Segundo o autarca quintacondense, “mesmo que as iniciativas contempladas nos protocolos de cooperação existentes não se efetuem, devido ao quadro pandémico e às correspondentes restrições que o mesmo venha a impor, as verbas consignadas nos aludidos protocolos não sofrem qualquer redução”.

De acordo ainda com Vítor Antunes, “esta é uma forma de tranquilizar os dirigentes associativos quanto ao futuro próximo das suas instituições, transmitindo-lhes alguma segurança nestes tempos incertos.” Deste modo, sublinhou, “ficam a saber com o que podem contar em ordem a gerir as suas agremiações”.

Além disso, afirmou o responsável quintacondense, “numa época tão complexa quanto a que atravessamos e os constrangimentos a que somos forçados, cremos ser nosso dever manter inalterável a relação de compromisso que ao longo dos anos estabelecemos com o movimento associativo da freguesia, parceiro indispensável ao processo de qualificação da localidade e da criação da sua identidade”.

A reunião, efetuada a 13 de Novembro, nas instalações do Centro Cultural, Social e Recreativo A Voz do Alentejo, de modo a respeitar as disposições emanadas pela Direção Geral de Saúde, contou ainda com a presença de Francisco Jesus, Presidente da Câmara Municipal de Sesimbra, que assumiu idêntico compromisso perante os dirigentes associativos da freguesia, “em resultado de se tratar de uma situação extraordinária”, afirmou.

Para o líder camarário, “o cenário que a situação sanitária nos colocou forçou-nos, levou-nos, em muitos casos, a adotar uma atuação que acaba, no fundo, por substituir o Estado, encontrando, desse modo, resposta para um vasto leque de questões quer no plano social, quer no plano associativo, com as quais ninguém esperava.”

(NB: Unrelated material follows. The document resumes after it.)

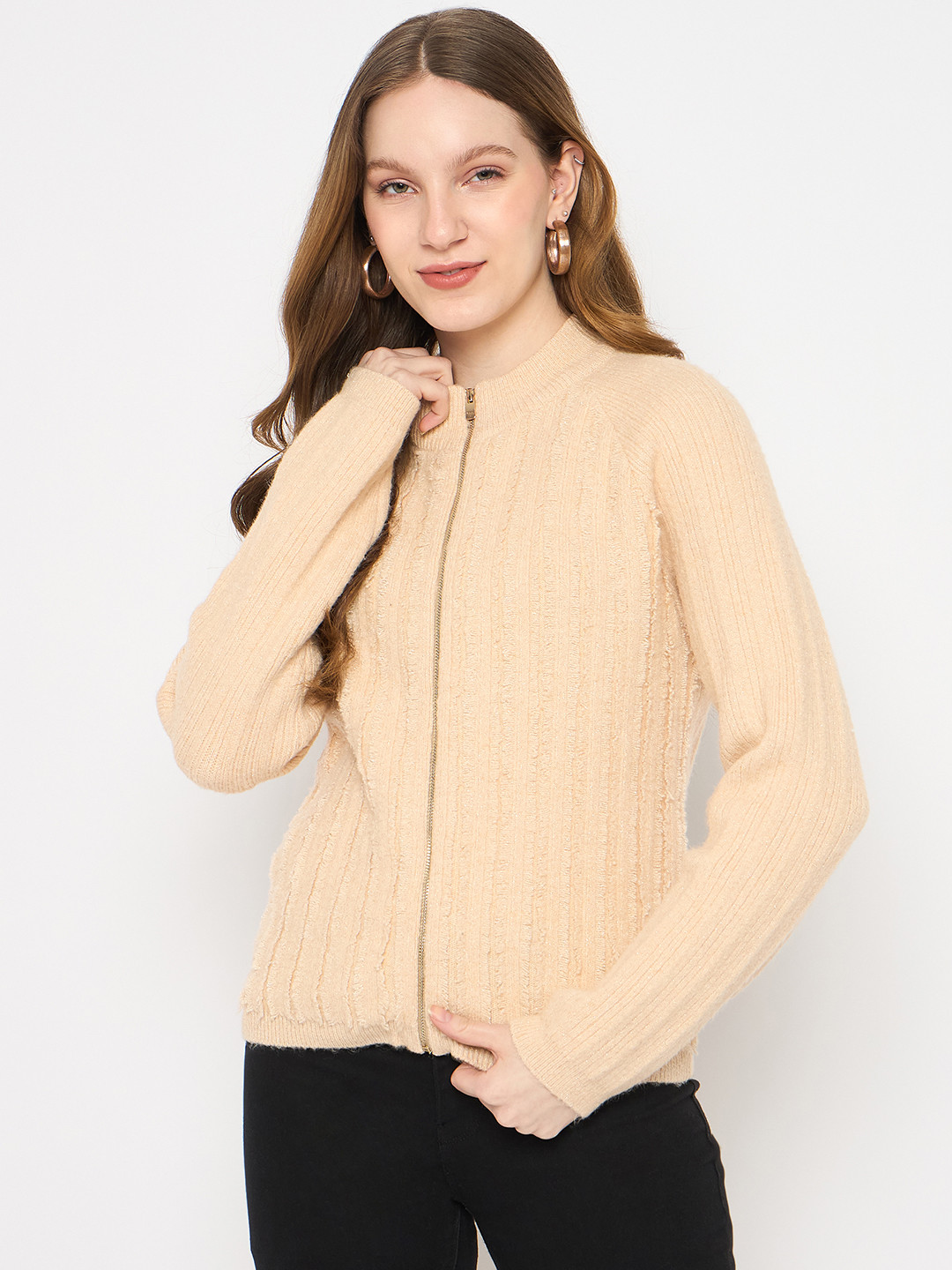 Madame Women Striped Cardigan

Neste contexto, reiterou, “ainda que por via do quadro pandémico, não seja possível realizar as atividades culturais, recreativas e desportivas, contratualizadas com as coletividades, estas receberão integralmente os valores consignados nos protocolos que com elas estavam firmados.”

Participando no mencionado encontro, Augusto Flor, Presidente da Confederação Portuguesa das Coletividades de Cultura, Recreio e Desporto, prestou um amplo conjunto de informações sobre a atuação do movimento associativo num cenário como o que vivemos e a forma como podem manter algumas das suas atividades regulares, no escrupuloso cumprimento das normas de segurança.

Realçando a postura das autarquias sesimbrenses, em matéria de apoio às agremiações sediadas na área do município, em particular na atual situação, o dirigente nacional da entidade representativa das coletividades portuguesas, aludiu à relação de cooperação existente entre a Federação e a Junta de Freguesia da Quinta do Conde, sublinhando ainda “a estreita parceria existente nesta localidade se entre o Poder Local e o movimento associativo, visando a prossecução de um trabalho que visa servir a comunidade”.